On quality parameters, the Guidelines for Canadian Drinking Water Quality are endorsed by a federal/territorial/provincial committee representing all Canadian jurisdictions except First Nations. Individual jurisdictions differ in terms of how they make use of the numbers. There is not any evident need for differing numbers to be developed as long as the numbers are used as guidelines. If all these water quality numbers were adopted as enforceable standards, there may be a need to consider variation to meet local needs for some values, such as total dissolved solids, that are more esthetic than health-based.
Enforcement
The most detailed inspection, investigation and prosecution program related to water facilities is now found in Ontario. Other provinces have specified varying degrees of detail regarding their powers of inspection. Careful consideration of the most effective ways of enforcing regulations on First Nations communities to emphasize prevention rather than penalty will need to be developed.
Appeals mechanism for regulatory decisions
Alberta, British Columbia and Ontario provide administrative tribunals that hear appeals of approvals, orders, or administrative penalties. Appeals may be brought by the regulated community or others affected by the decisions of the environmental regulator. These tribunals, which are quasi-judicial bodies, provide a mechanism to assure some checks and balances with appropriate public involvement surrounding regulatory decision-making.
Reporting
Reporting of adverse results and operating performance is covered to varying degrees in provincial regulatory systems. Reporting water quality for consumers is a relatively new feature that is not well defined in current regulatory systems in Canada but is a key part of U.S. regulations and is supported by the principal professional organization, the American Water Works Association.
Design approvals
Approval of the design of facilities is required under the regulatory systems for most jurisdictions in Canada, with many of the basic concepts derived from detailed approaches to regulating water treatment developed by the U.S. Environmental Protection Agency. Alberta has published detailed design standards as guidance for their approval process. New Zealand has pioneered an approach to defining facility needs, particularly for small systems, based on public health risk management plans. New drinking water legislation introduced in 2006 in New Zealand will require the use of these plans for all community facilities. [14]

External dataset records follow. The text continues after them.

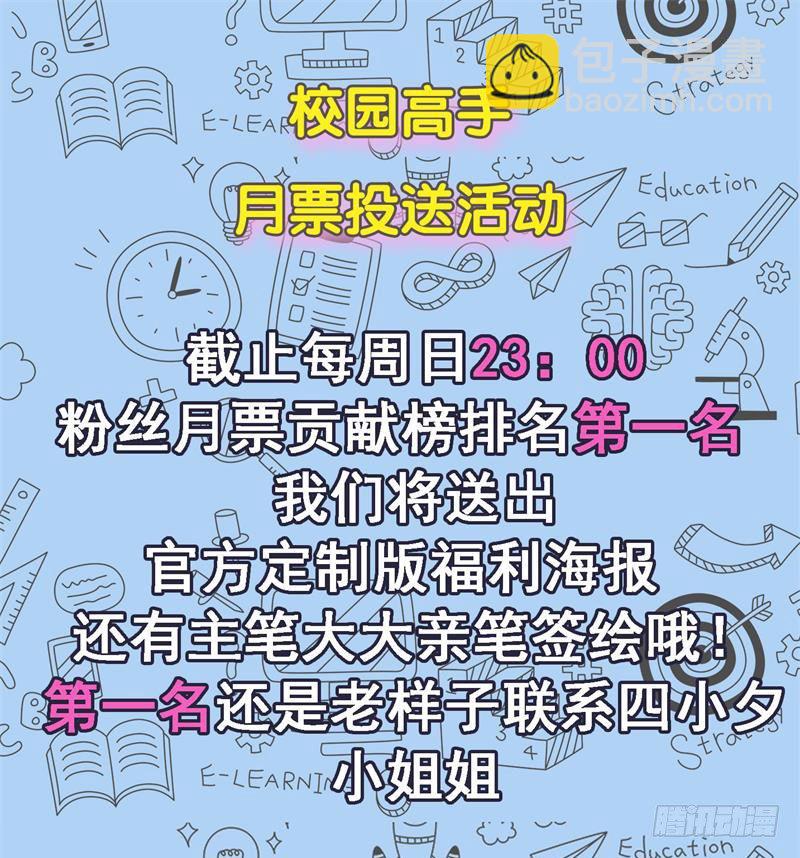 🍚校园高手 022美女修罗场 第30页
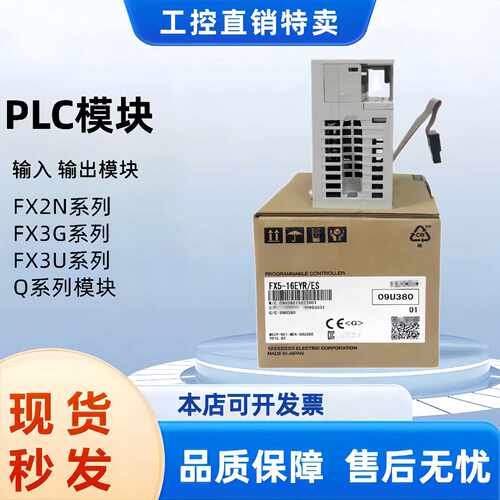 议价全新原装 FX5-16EX/ES 16EYR 16EYT 8EX 8EYR 8EYT 32ER 32ET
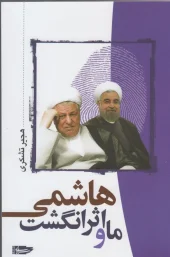 کتاب ما و اثر انگشت هاشمی کتاب ما و اثر انگشت هاشمی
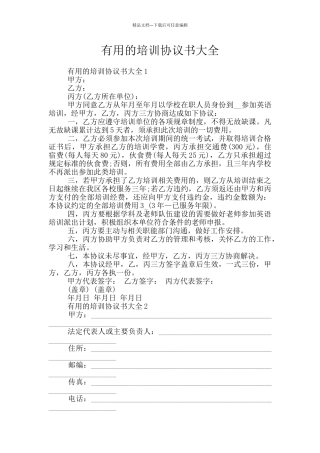 实用的培训协议书大全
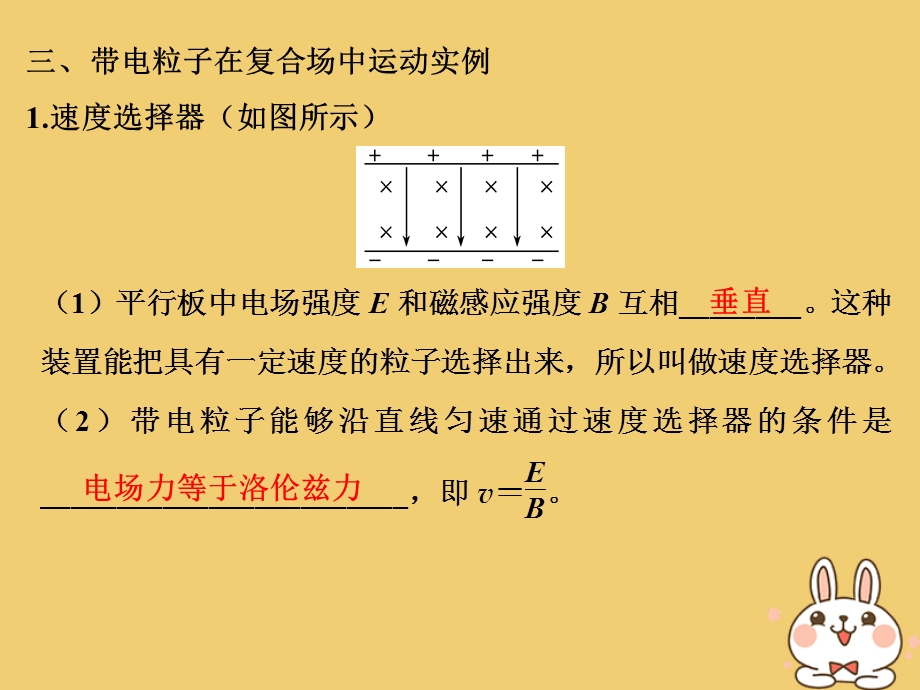 浙江专版高考物理大一轮复习第八章磁场第3课时带电粒子在复合场中的运动课件.pptx_第3页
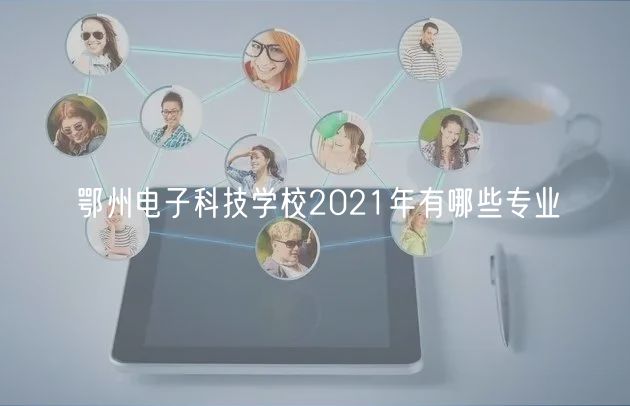 鄂州电子科技学校2021年有哪些专业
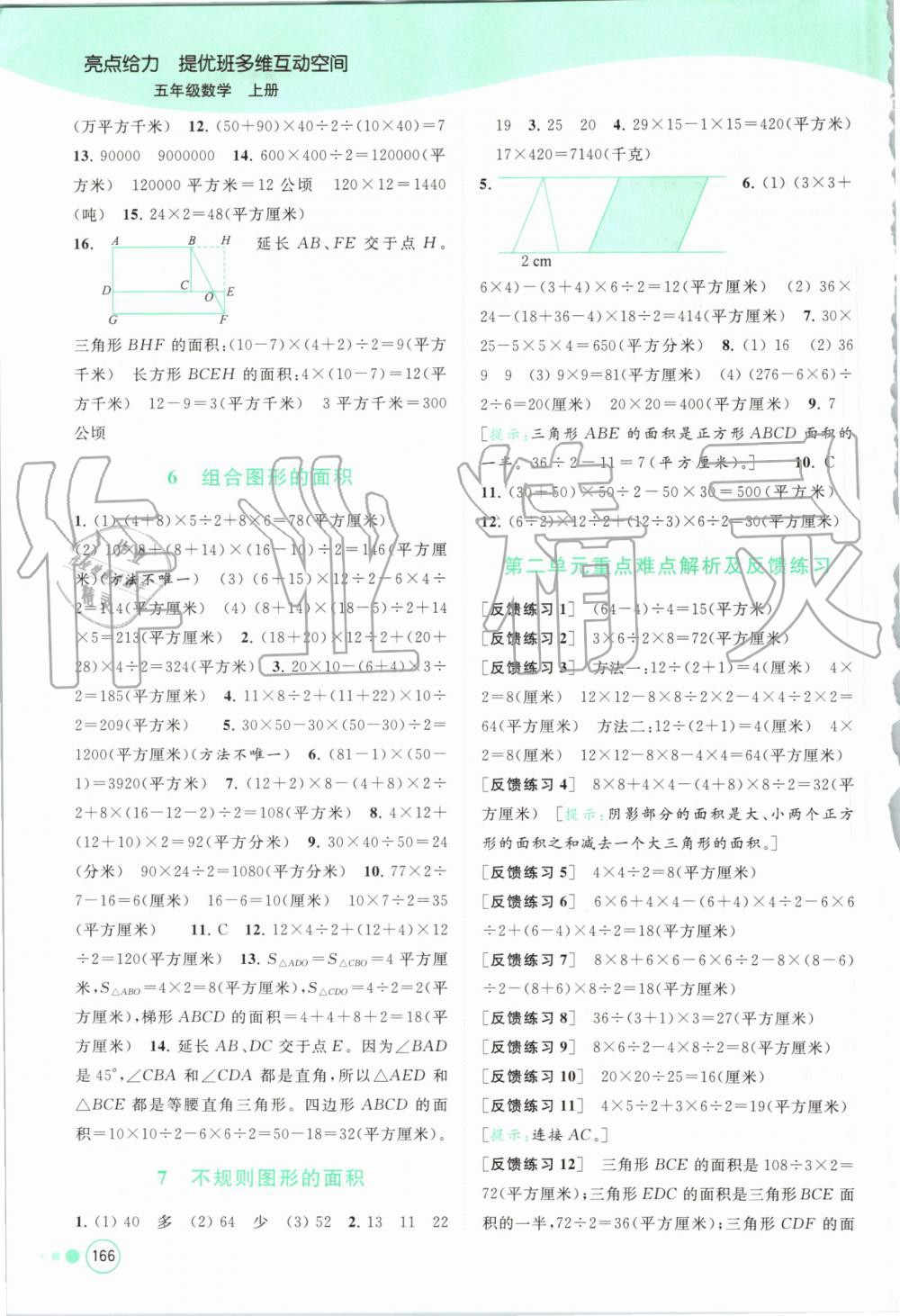 2019年亮點給力提優(yōu)班多維互動空間五年級數(shù)學(xué)上冊蘇教版 第4頁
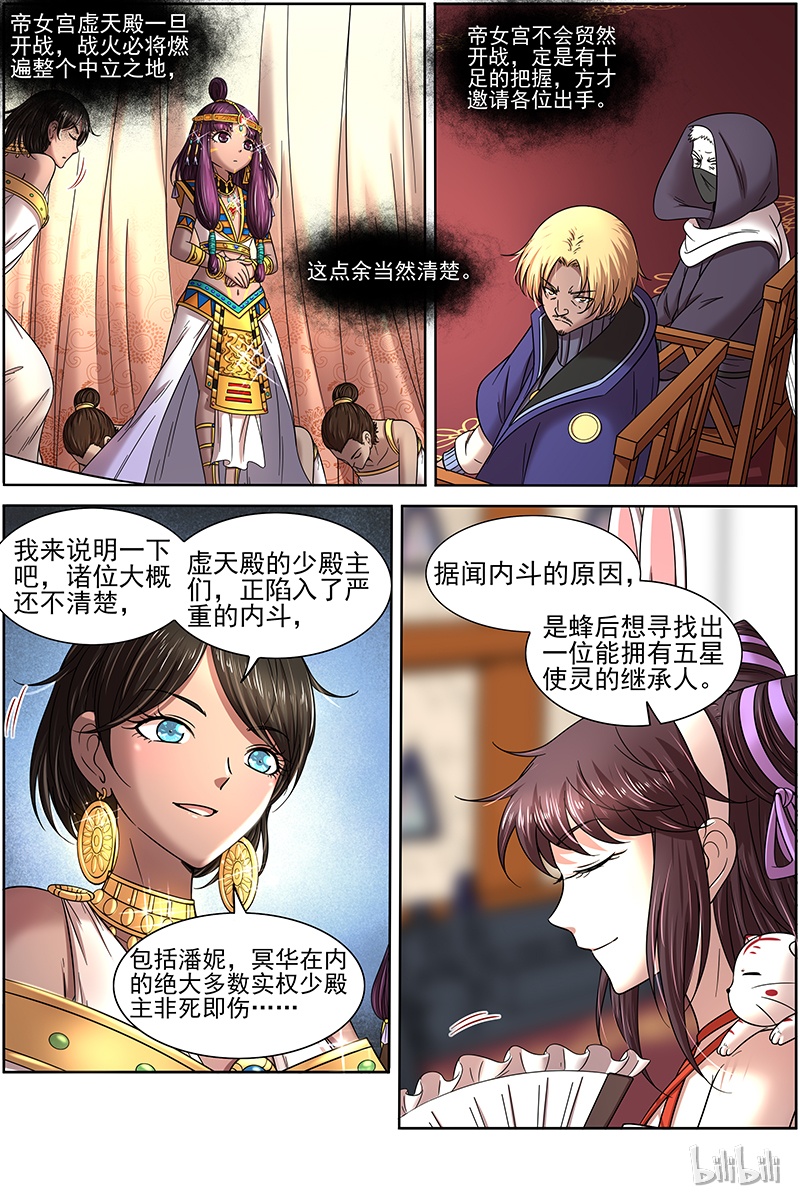 驭灵师017-09 17帝女篇：十八路诸侯讨蜂后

Operating approvals for water and wastewater facilities
All provincial jurisdictions in Canada require some form of permit or operating approval to run community water and wastewater systems. The details of operating requirements vary from one jurisdiction to another and may also vary with facility size.
Procurement, construction and commissioning
Explicit provisions governing procurement, construction and commissioning of water and wastewater facilities are not currently evident in the regulatory programs of Canadian jurisdictions but the importance of these issues, particularly for remote communities, may warrant developing some administrative guidance to accompany regulations.
Emergency planning and response
Most provincial jurisdictions make reference to contingency planning and requirements for backup of critical systems (including power). Explicit requirements for developing an emergency response plan for water and wastewater facilities are specified in Alberta, British Columbia and Manitoba. It is in these most stressful of circumstances that clearly specifying the roles and responsibilities of various actors is most crucial, and a good regulatory scheme will spell these out in some detail.
Drinking water source protection
All jurisdictions have some regulatory tools for controlling water pollution, with some (for example British Columbia) requiring water providers to assess risks to source water supply. Explicit regulatory measures for assuring source water protection on a watershed basis are not well established, however. British Columbia and Manitoba have regulatory authority to establish water protection areas, but the new Clean Water Act in Ontario is the only current Canadian model for a comprehensive watershed management system for source protection.
Third-party audits
An added level of assurance that both the water provider and the regulator are performing their responsibilities effectively can be achieved by requiring third-party audits. To be effective, performance standards defining best practice are needed to provide a benchmark for the audits. Ontario is the only province currently developing a formal third-party audit program, but other provinces have required water providers to retain independent consultants to perform technical assessments of facilities. Less formally, the American Water Works Association has an excellent program called QualServe which encourages peer reviews among its member utilities, including Canadian members.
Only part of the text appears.